If drilling in ANWR is approved, for example, heavy equipment will roll over previously pristine land. Drill pads and other infrastructure will be installed. Workers will need to access these things, and oil will need to be transported, so roads and pipelines will be built. “One of the wildest places in the world will become an industrial place,” Greenberger said. Proponents of drilling have argued that only 2,000 of the 1.5 million acres of ANWR would be affected by development; birds can just go somewhere else. But as Politifact noted in 2008, “to take full advantage of the oil resources in ANWR would almost certainly require an extensive network of roads, pipelines and related infrastructure that couldn’t possibly be contained on such a footprint.”

Government regulations require fossil fuel companies to develop responsibly, with conservation of birds and other species in mind. And yet, the Trump administration has also slowly been trying to unwind and sidestep those rules, too. Take Trump’s border wall, parts of which will run through the Santa Ana Wildlife Refuge, home to at least 400 species of birds. Trump’s administration is choosing to skip an environmental impact study required by federal law, invoking an obscure 2005 anti-terror law to do it. Doing this “will essentially destroy the refuge,” a federal official involved in the wall’s planning told the Texas Observer.

In fact, the Trump administration is trying to change how environmental impact statements work altogether—not just for the border wall. To build new highways and bridges more quickly, Trump has proposed weakening the environmental review process for huge infrastructure projects. In September, Interior Secretary Zinke ordered the Bureau of Land Management to reduce the time it devotes to environmental analysis, in order to approve drilling projects more quickly. In one case, Zinke is explicitly trying to loosen protections for a threatened bird species in order to more speedily approve fossil fuel development on public lands.

Few of these proposed policy changes directly target birds, but all would have a negative impact on their habitats if implemented, Greenberger said. “The Trump administration is creating a rather unique legacy among any administration for undoing and selling out our conservation legacy,” she said. “The extent to which this administration has moved to prioritize fossil fuel energy development over conservation has been more aggressive than previous administrations we’ve seen.”

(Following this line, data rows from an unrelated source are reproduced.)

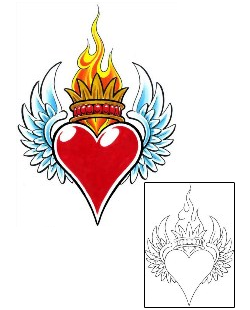 Sacred Heart Tattoo Religious & Spiritual tattoo | CCF-00550
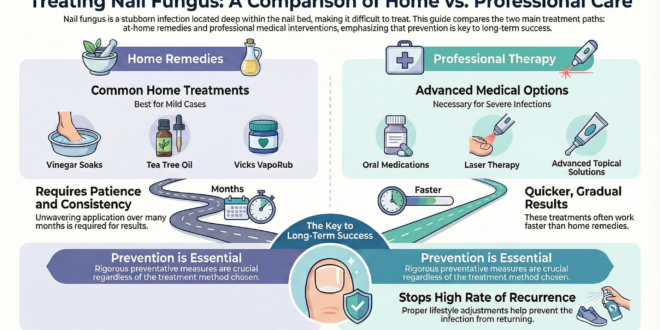 Toe Nail Fungus Cures Home vs Professional Care and Treatment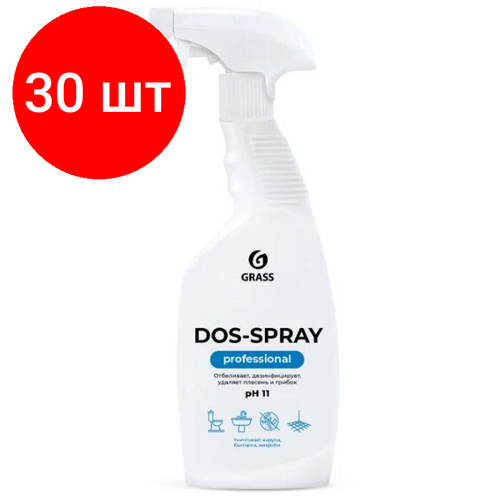 Комплект 30 штук, Профхим спец д/удален плесени, дез-эфф, хлор Grass/Dos-spray PROF 0.6л_т/р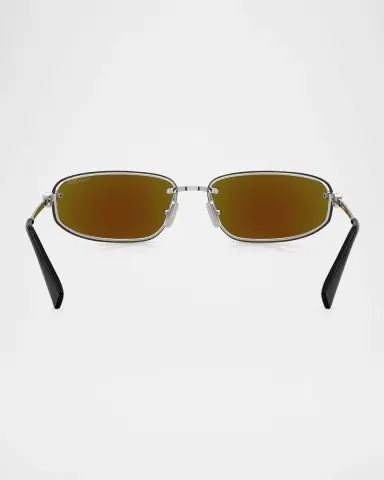 Miu Miu A50S Rimless Oval Metal Sunglasses | Thumbnail 3 Miu Miu A50S Rimless Oval Metal Sunglasses | Thumbnail 3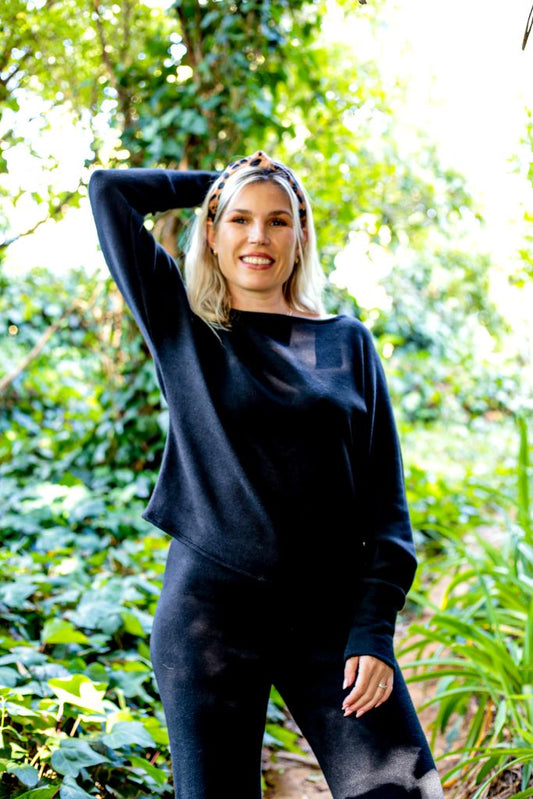 Reserved Knit in Black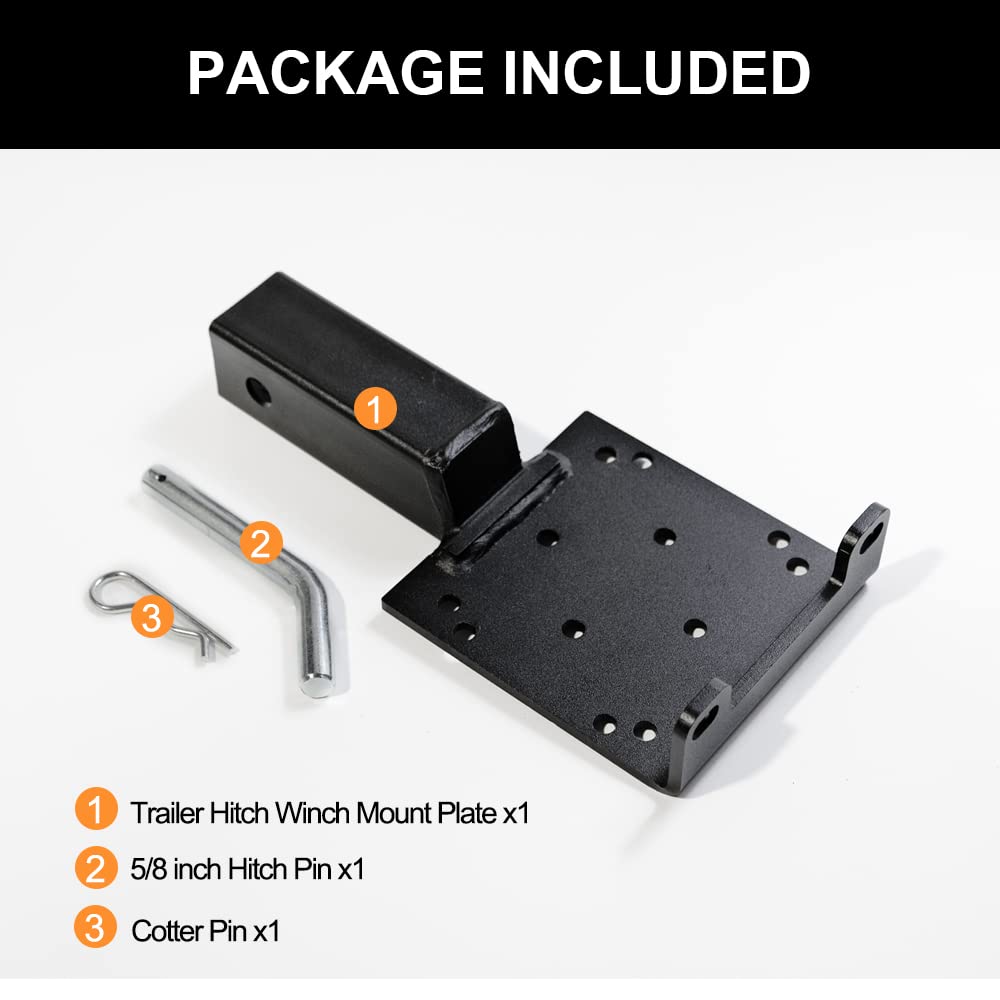lifgarfe 2-inch receiver compatibility supports ATV and UTV use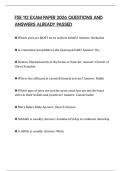 FSE 112 EXAM PAPER 2026 QUESTIONS AND ANSWERS ALREADY PASSED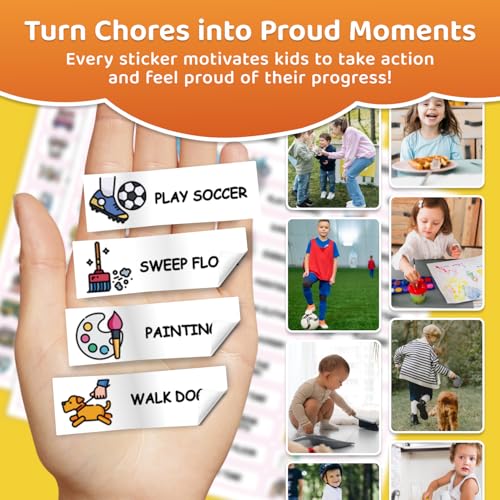 Image of 2 in 1 Upgraded Slider Bedtime /Morning Routine Chart for Kids Toddlers, Dry Erase Chore Chart for 2 Kids, Magnetic Visual Schedule for Kid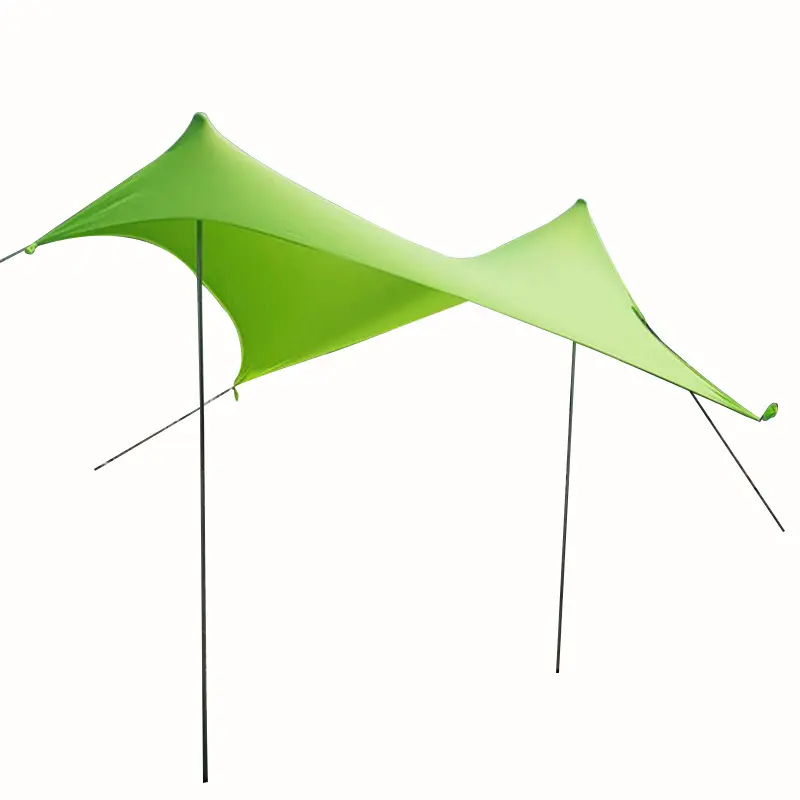 2 in 1 ultraleggero singolo strato 210T Nylon impermeabile amaca da campeggio all'aperto tenda antipioggia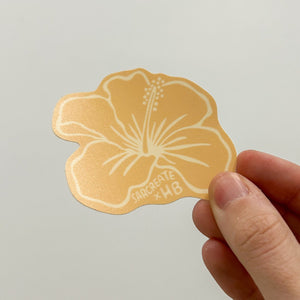 hibiscus sticker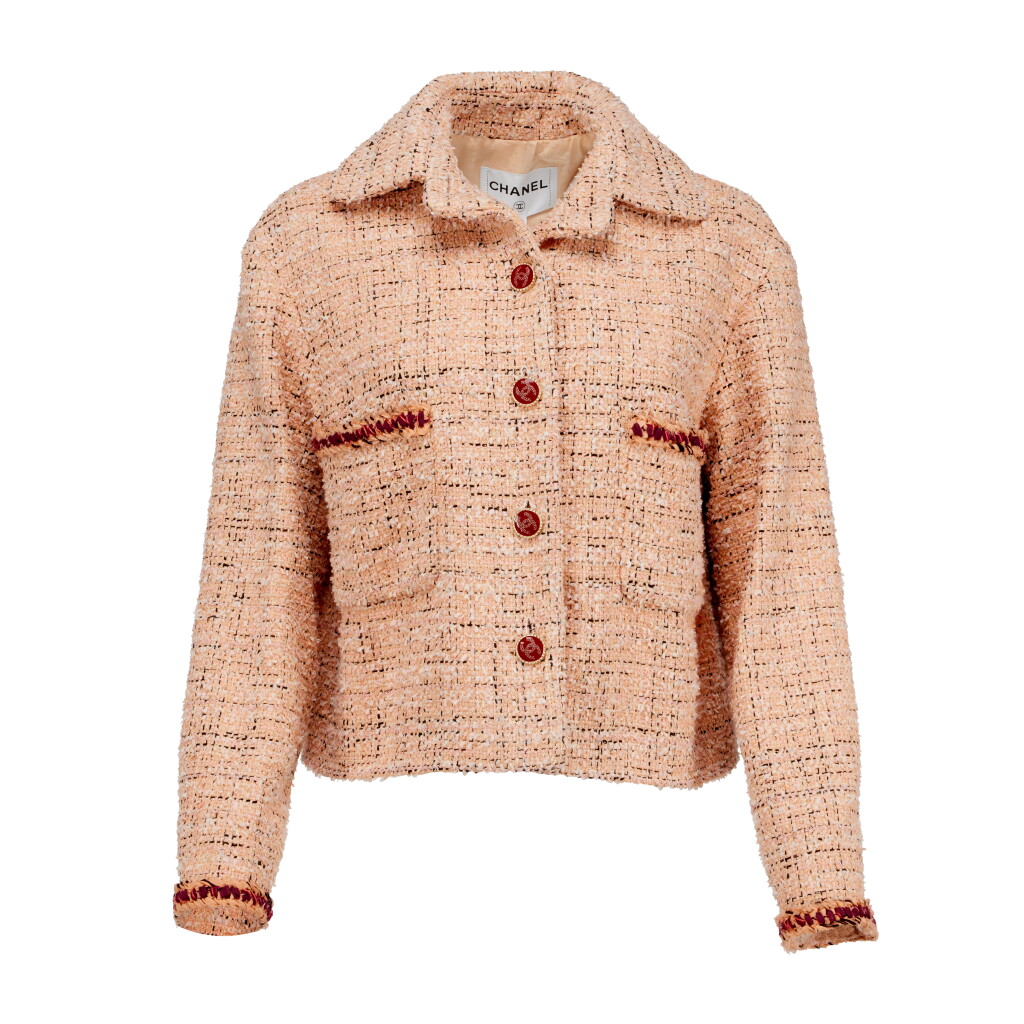 View full screen - View 1 of Lot 53. By Virginie Viard Peach Tweed Jacket, probably Spring-Summer 2021.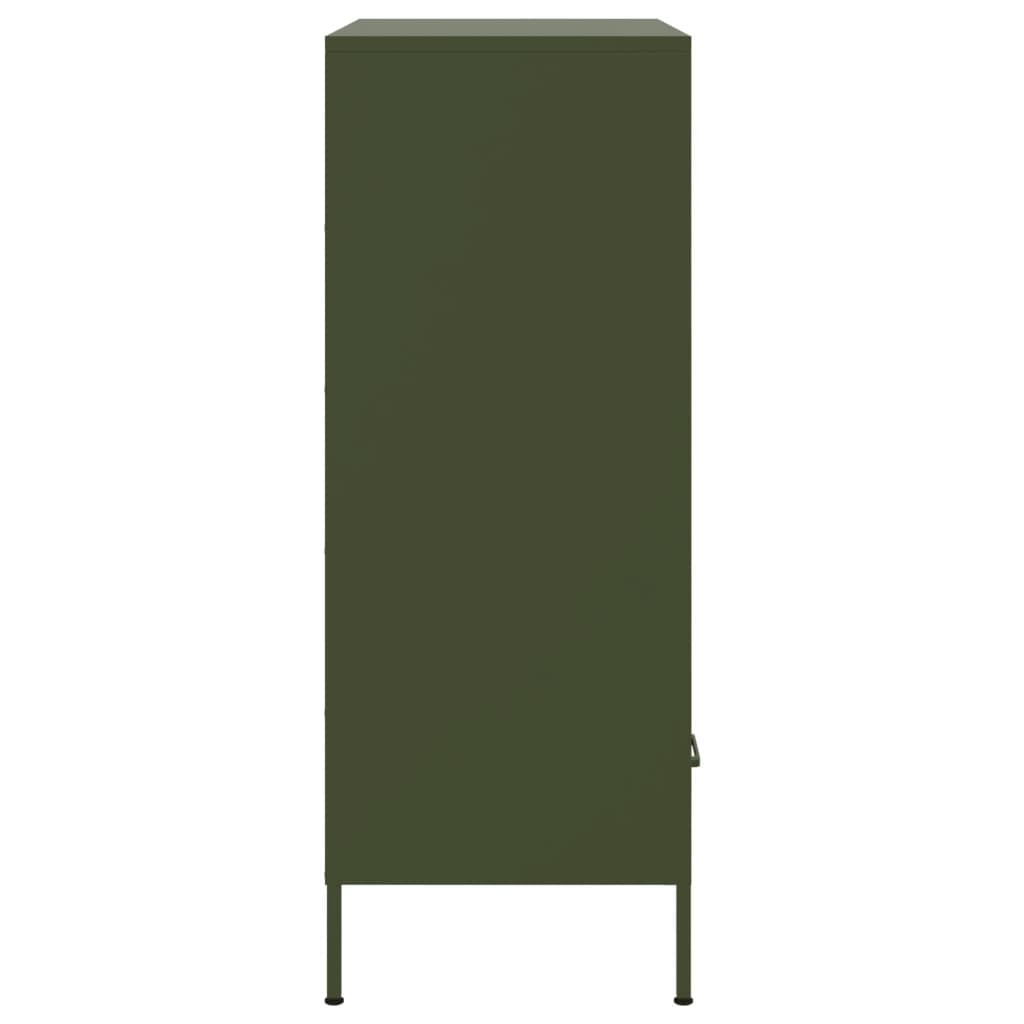 Skåp DIV. olivgrön 68x39x101,5 cm stål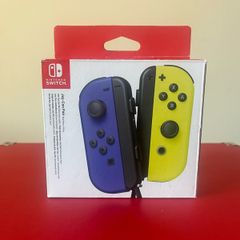 Official Nintendo Switch Joy-Con Pair (Blue / Neon Yellow) Boxed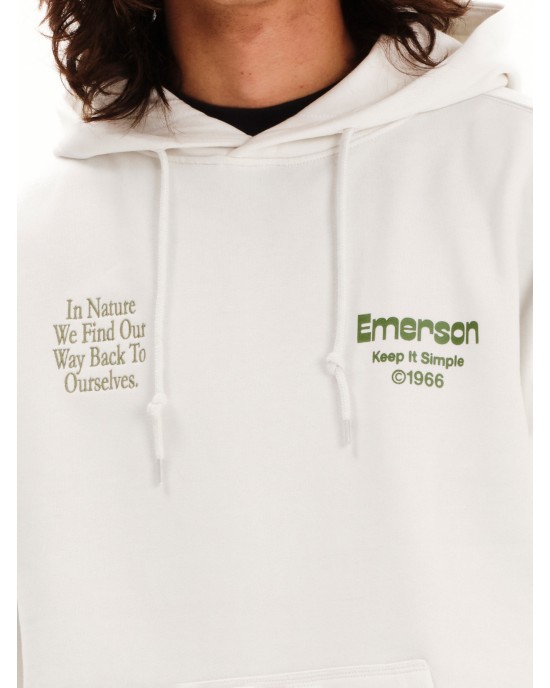 Φούτερ Emerson άσπρο ΦΟΥΤΕΡ
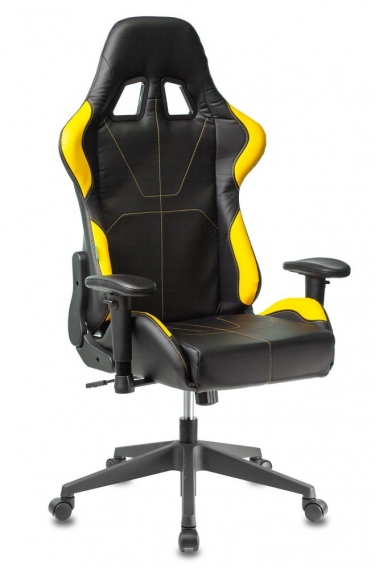Кресло игровое Zombie Бюрократ VIKING 5 AERO YELLOW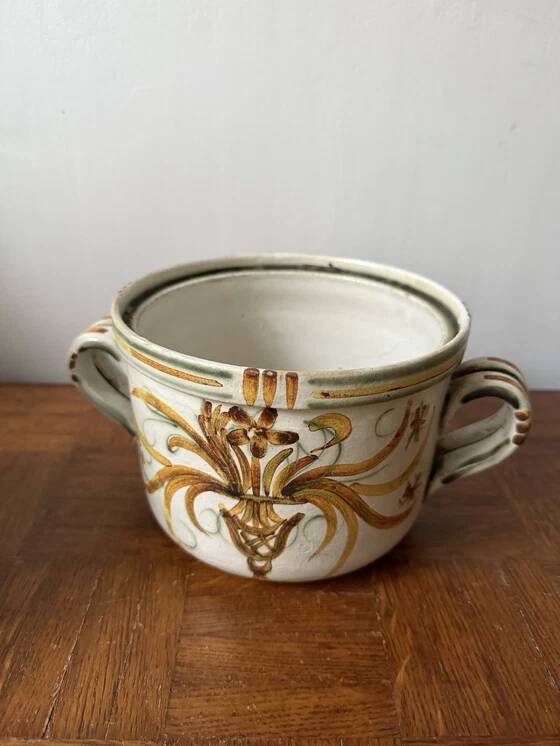 Keraluc Quimper plant pot and pitcher set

But for birds, the deadliest part of Trump’s agenda is his refusal to address climate change. Multiple peer-reviewed studies have predicted doomsday for hundreds of species if the world continues to warm. Temperatures will exceed some species’ thermal tolerances, sea level rise will decimate habitats, extreme weather including drought and heavy rain will compromise food sources. Stanford University scientist Cagan Sekercioglu has called climate change an “escalator to extinction” for birds: a “worst-case scenario” of warming (6.4 degree Celsius) would cause up to 30 percent of bird species on land to go extinct by 2100; an “intermediate” level of warming (2.8 degrees Celsius), would cause 400 to 550 species die-offs.

If Trump gets his way, the world would at least reach that intermediate level of warming, and billions of his beloved birds would die. Once again, his climate policies would harm the very people that helped elect him: White people living in rural areas in the South make up the highest percentage of bird-watchers in America. In 2011, according to the U.S. Fish and Wildlife Service, the nation’s 47 million birders spent an estimated $40 billion, created 666,000 jobs, and raised $13 billion in local, state, and federal tax revenue. It’s hard to see how that could continue if nearly a third of existing species are extinct.

Fortunately, Trump alone does not dictate the climate, and most of his proposed policies that would harm birds have yet to be implemented. Indeed, many of them likely won’t be, thanks to legal challenges from environmental groups and a few Republicans who won’t vote for draconian budget cuts to the EPA and other programs. But it looks likely that Congress will allow drilling in ANWR this week, a decision that will have disastrous consequences for birds and humans alike.